- Opening Delimiter -

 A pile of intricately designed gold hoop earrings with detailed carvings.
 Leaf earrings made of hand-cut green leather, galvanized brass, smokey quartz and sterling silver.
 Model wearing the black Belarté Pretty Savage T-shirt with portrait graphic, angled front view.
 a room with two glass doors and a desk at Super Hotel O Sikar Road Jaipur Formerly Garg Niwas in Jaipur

- Closing Delimiter -

*Task description*.
Each line of the data that holds the word "earrings" should be copied.

*Response*.
 A pile of intricately designed gold hoop earrings with detailed carvings.
 Leaf earrings made of hand-cut green leather, galvanized brass, smokey quartz and sterling silver.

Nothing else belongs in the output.